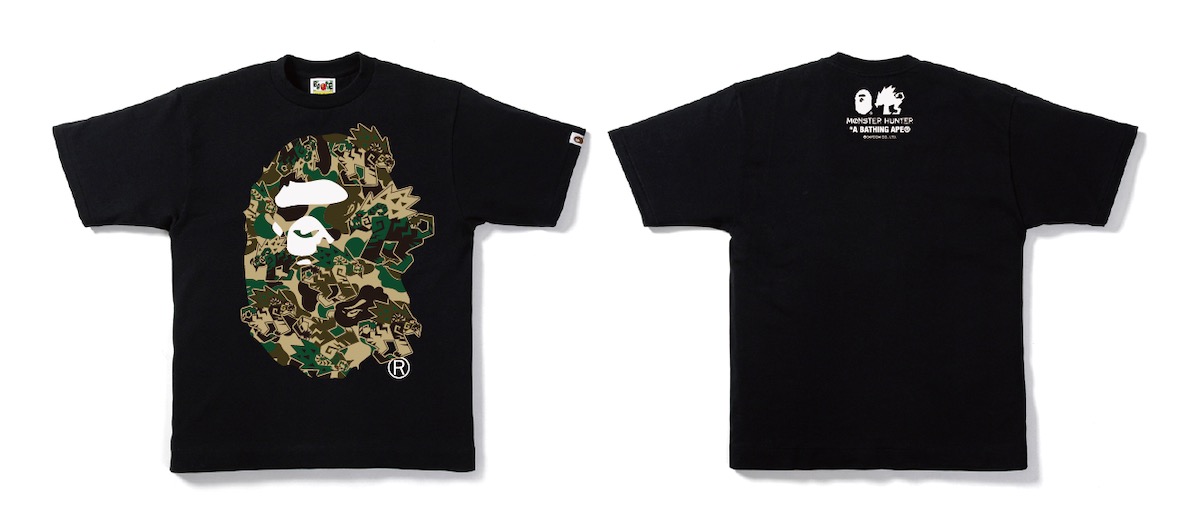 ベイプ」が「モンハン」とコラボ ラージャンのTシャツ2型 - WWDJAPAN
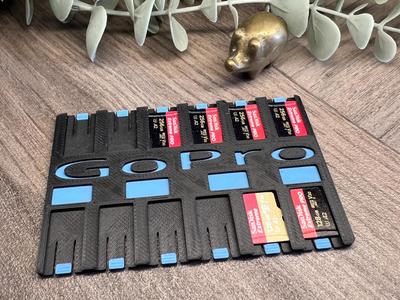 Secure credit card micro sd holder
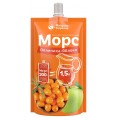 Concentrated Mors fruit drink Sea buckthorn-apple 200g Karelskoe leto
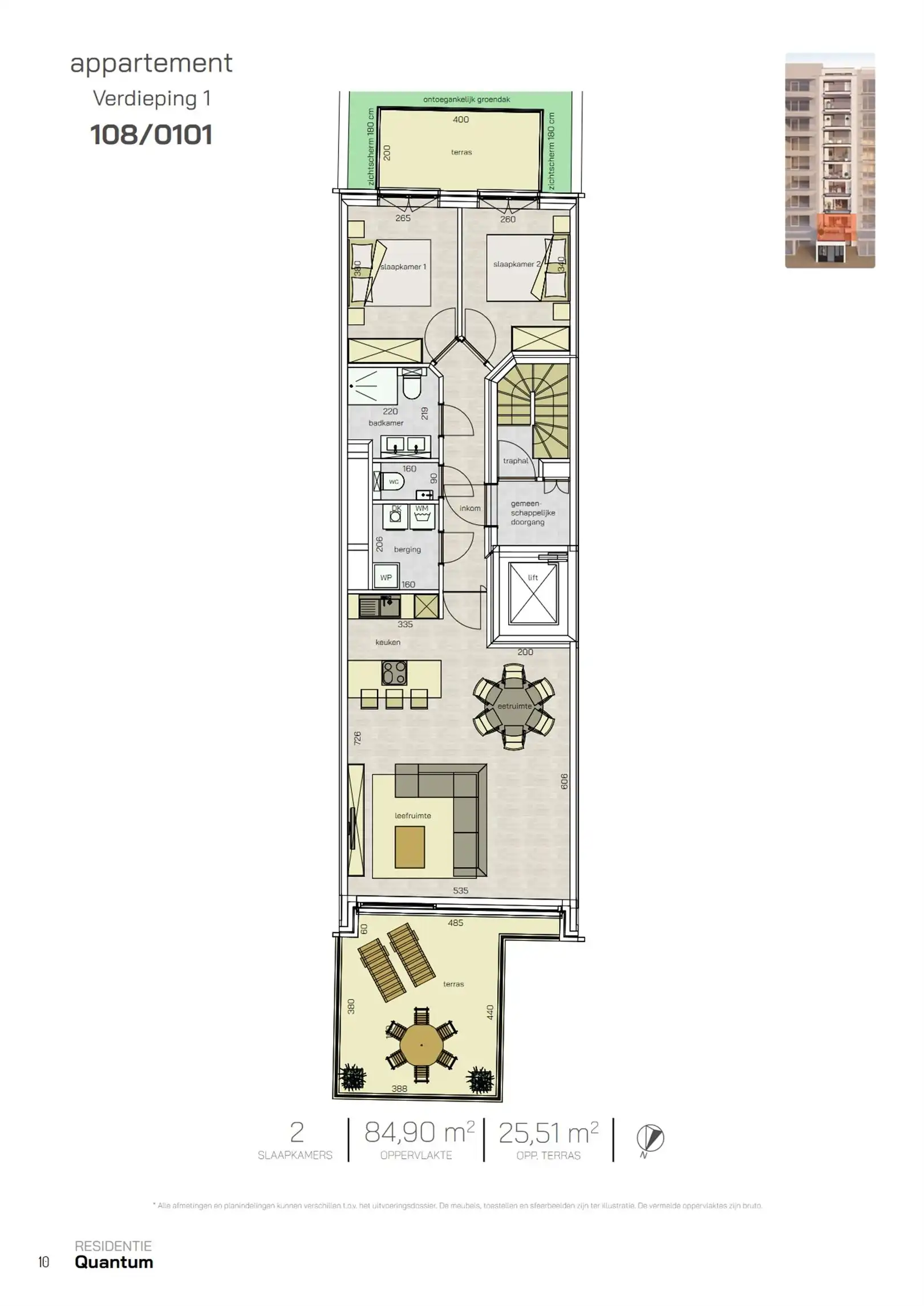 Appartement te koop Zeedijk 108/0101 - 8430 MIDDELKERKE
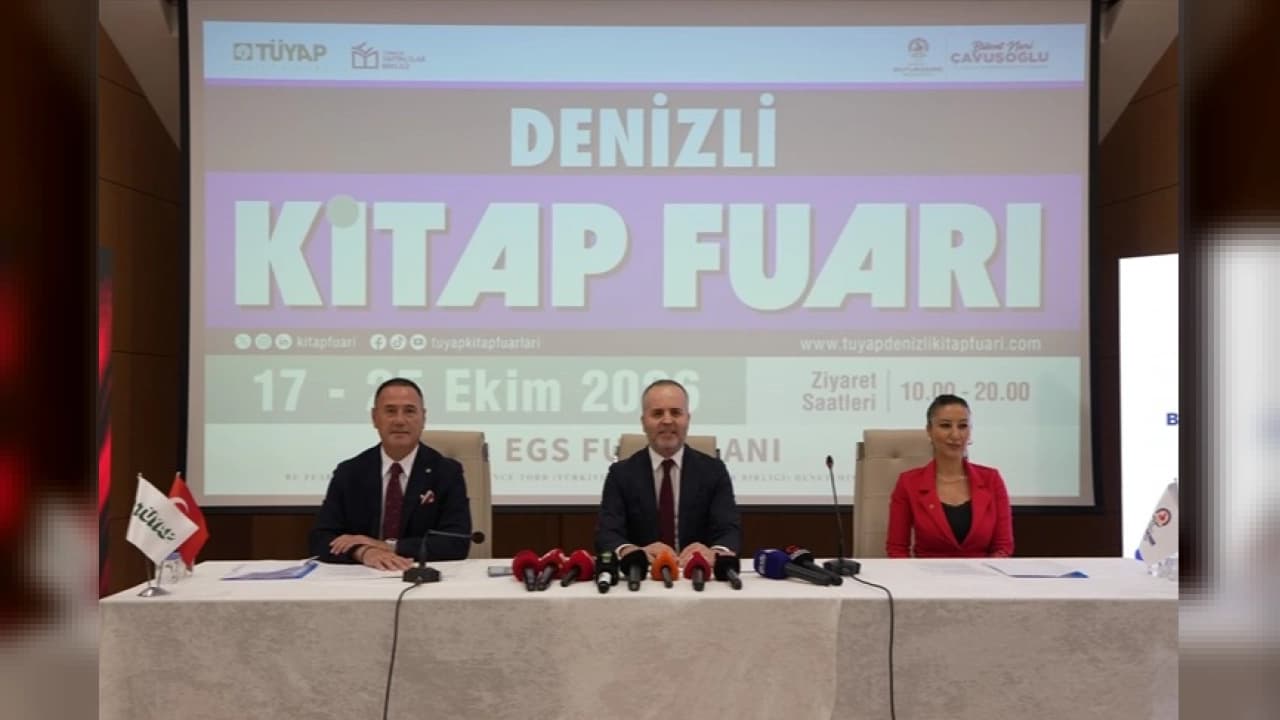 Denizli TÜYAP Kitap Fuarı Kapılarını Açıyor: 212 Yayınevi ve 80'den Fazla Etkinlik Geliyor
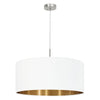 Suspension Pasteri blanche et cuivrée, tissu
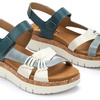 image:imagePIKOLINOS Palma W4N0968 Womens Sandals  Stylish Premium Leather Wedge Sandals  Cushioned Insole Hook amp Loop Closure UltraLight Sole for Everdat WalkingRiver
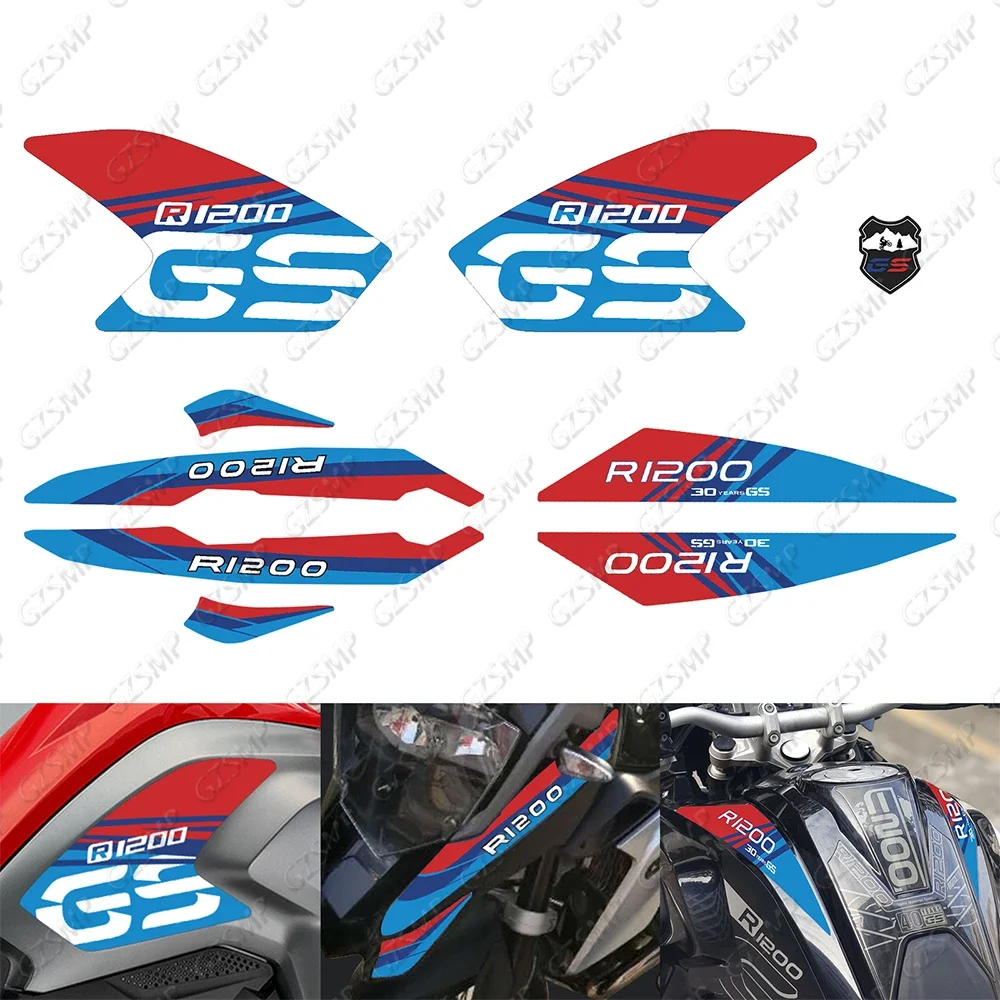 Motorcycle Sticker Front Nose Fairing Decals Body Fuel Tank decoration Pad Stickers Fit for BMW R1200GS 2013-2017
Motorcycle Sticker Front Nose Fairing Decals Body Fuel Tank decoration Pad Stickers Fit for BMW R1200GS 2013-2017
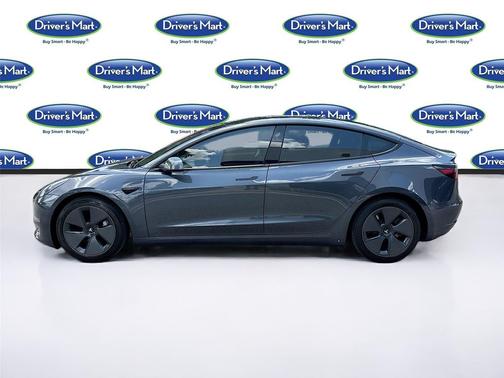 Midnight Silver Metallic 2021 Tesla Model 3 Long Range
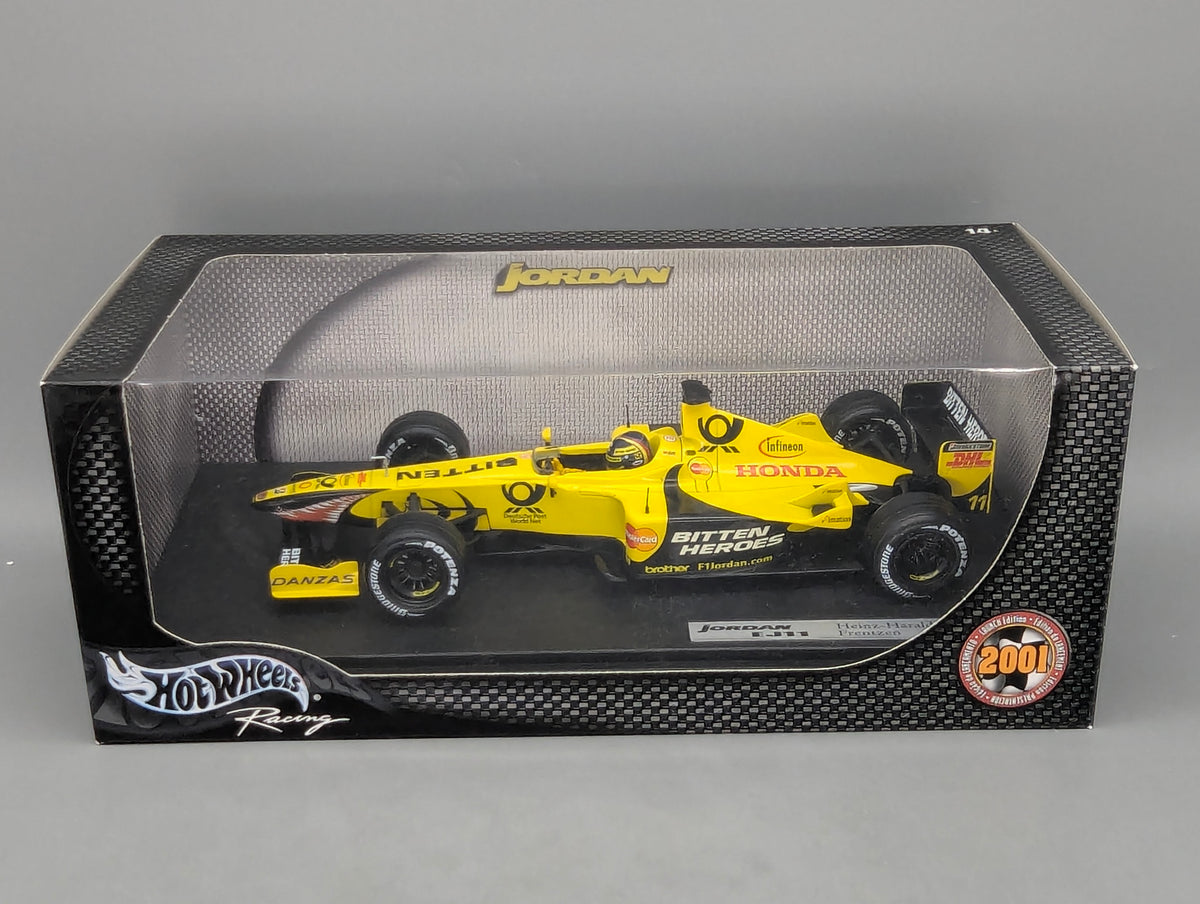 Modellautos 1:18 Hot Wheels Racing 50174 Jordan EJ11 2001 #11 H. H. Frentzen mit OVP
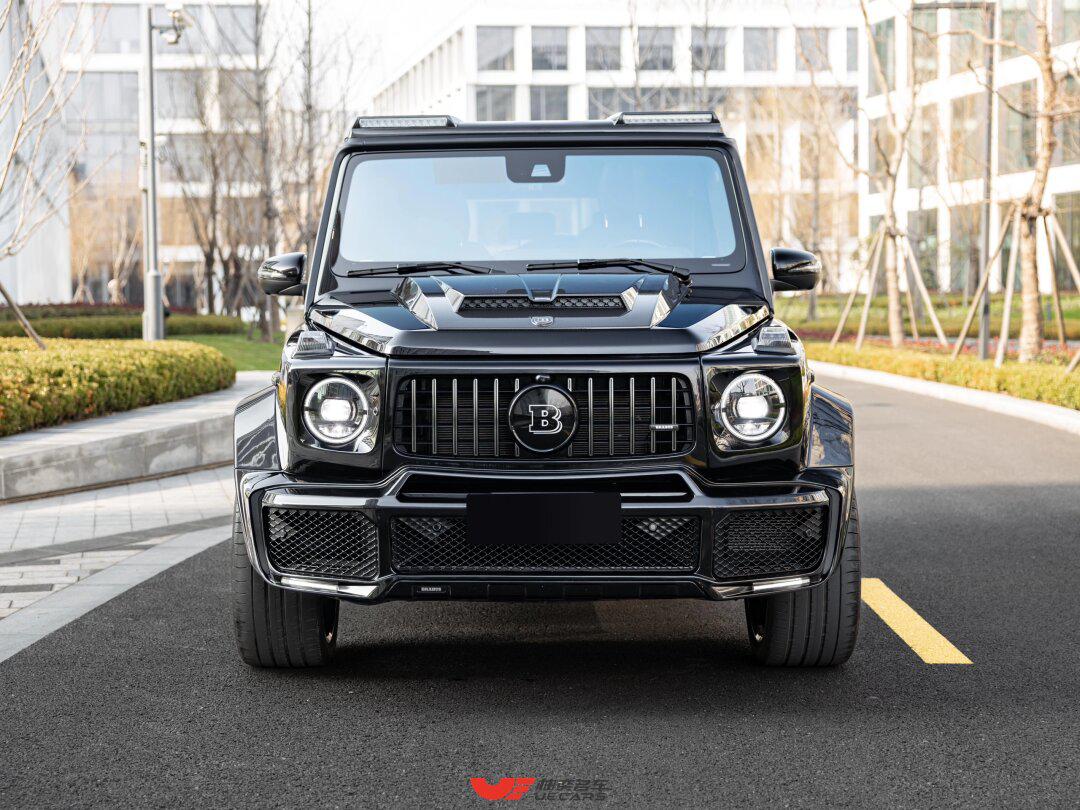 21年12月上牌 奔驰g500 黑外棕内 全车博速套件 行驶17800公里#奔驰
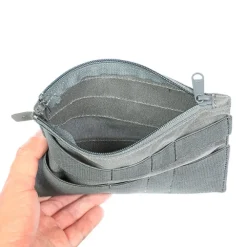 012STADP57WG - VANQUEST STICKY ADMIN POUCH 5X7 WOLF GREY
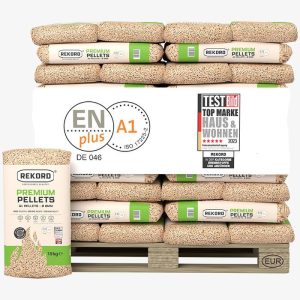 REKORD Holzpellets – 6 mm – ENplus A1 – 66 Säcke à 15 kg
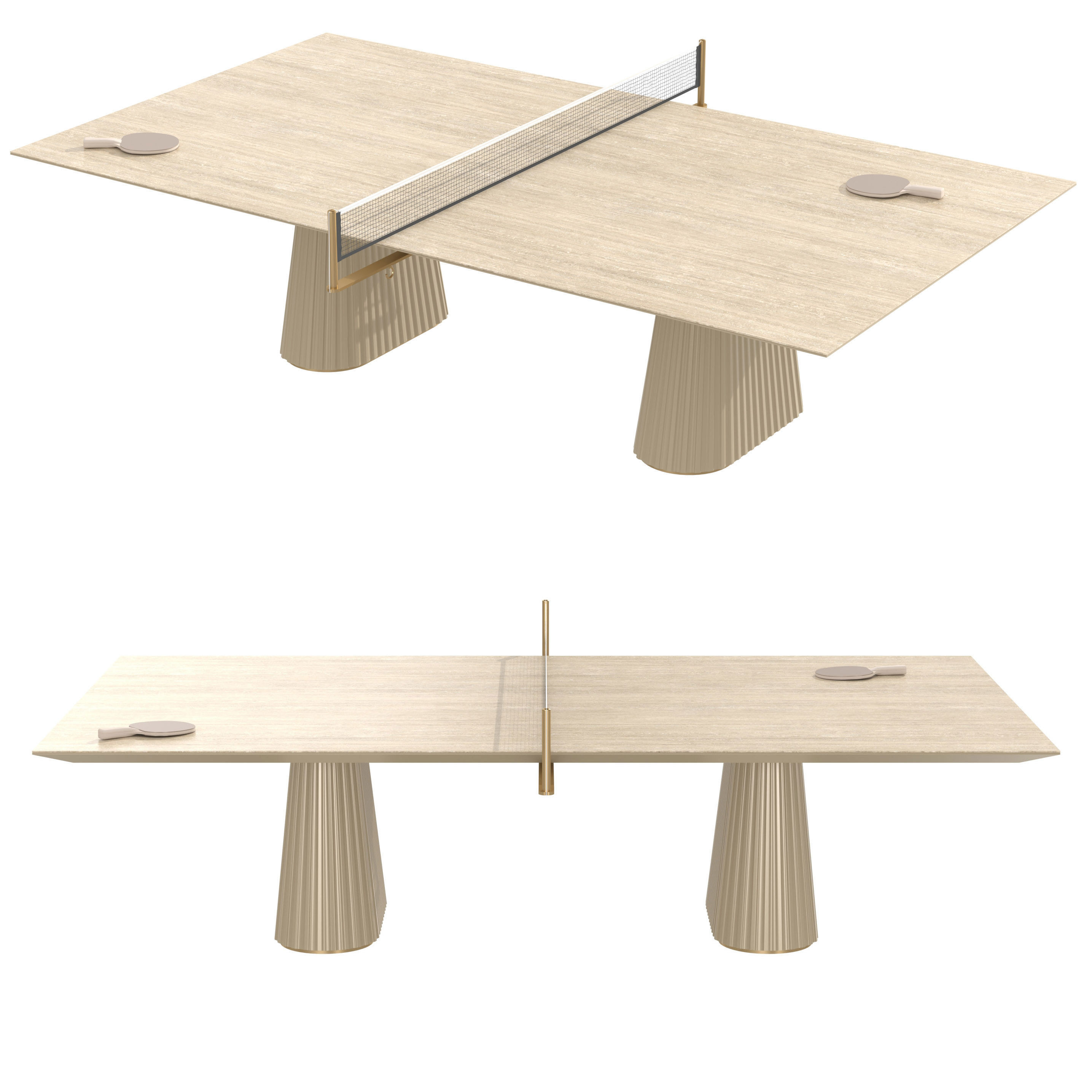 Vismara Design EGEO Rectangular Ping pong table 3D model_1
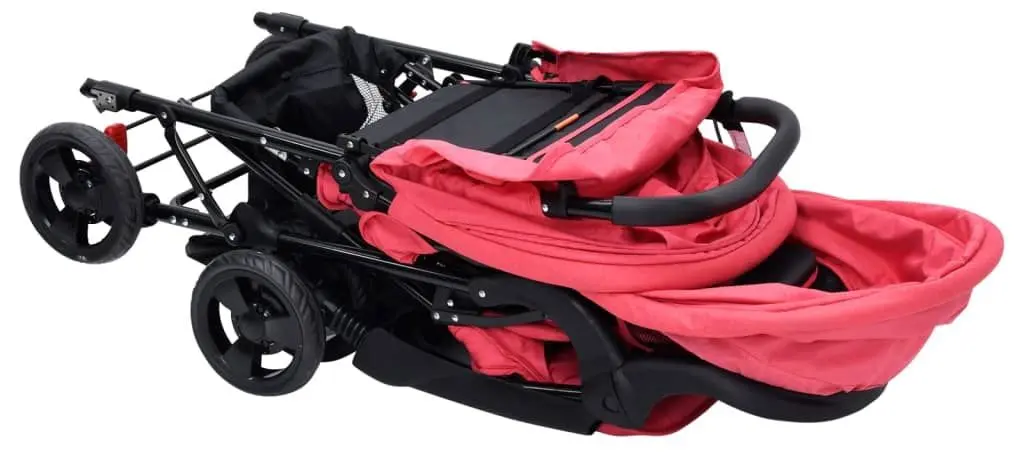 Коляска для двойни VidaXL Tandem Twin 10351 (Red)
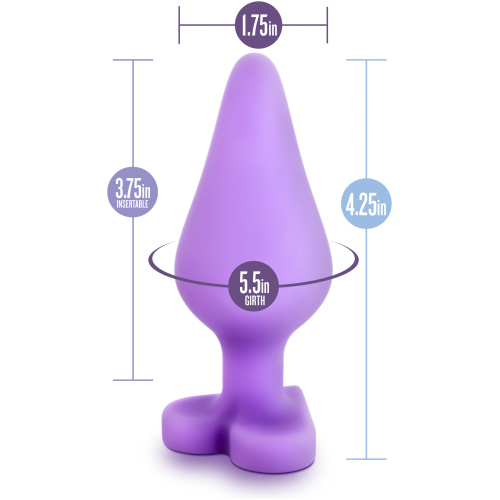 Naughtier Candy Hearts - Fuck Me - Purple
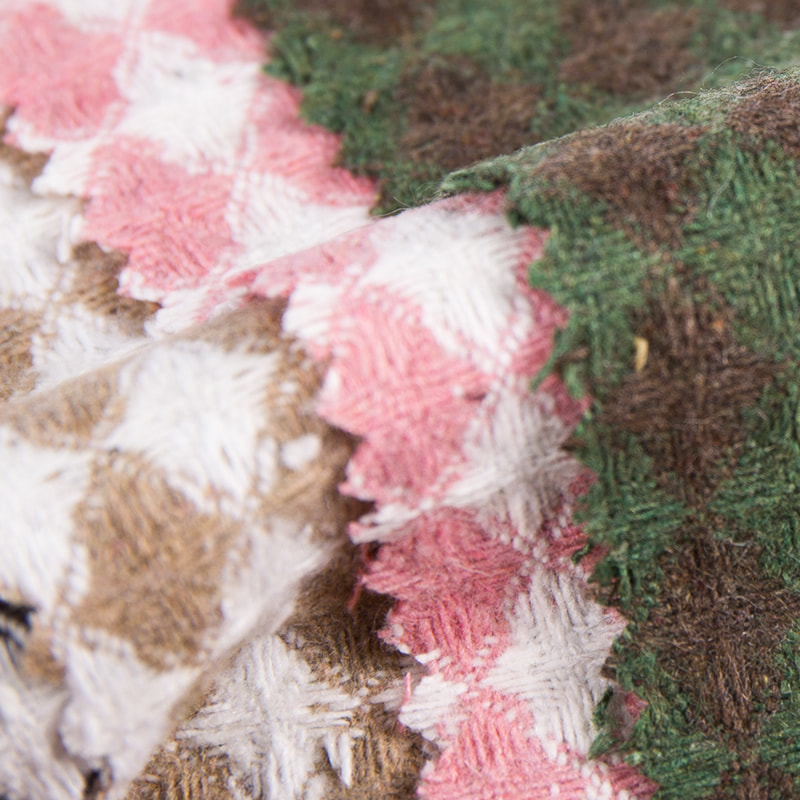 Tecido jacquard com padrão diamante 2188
■ ■ ■ ■ ■
Task description:
Within the listing above, print exactly the stretch beginning at the line that contains "Denizli TÜYAP Kitap" and finishing at the line that contains "image:imagePIKOLINOS Palma W4N0968", ends kept, pictures left out, and nothing more.

Response area:
 Denizli TÜYAP Kitap Fuarı Kapılarını Açıyor: 212 Yayınevi ve 80'den Fazla Etkinlik Geliyor
 Suspension Pasteri blanche et cuivrée, tissu
 image:imagePIKOLINOS Palma W4N0968 Womens Sandals  Stylish Premium Leather Wedge Sandals  Cushioned Insole Hook amp Loop Closure UltraLight Sole for Everdat WalkingRiver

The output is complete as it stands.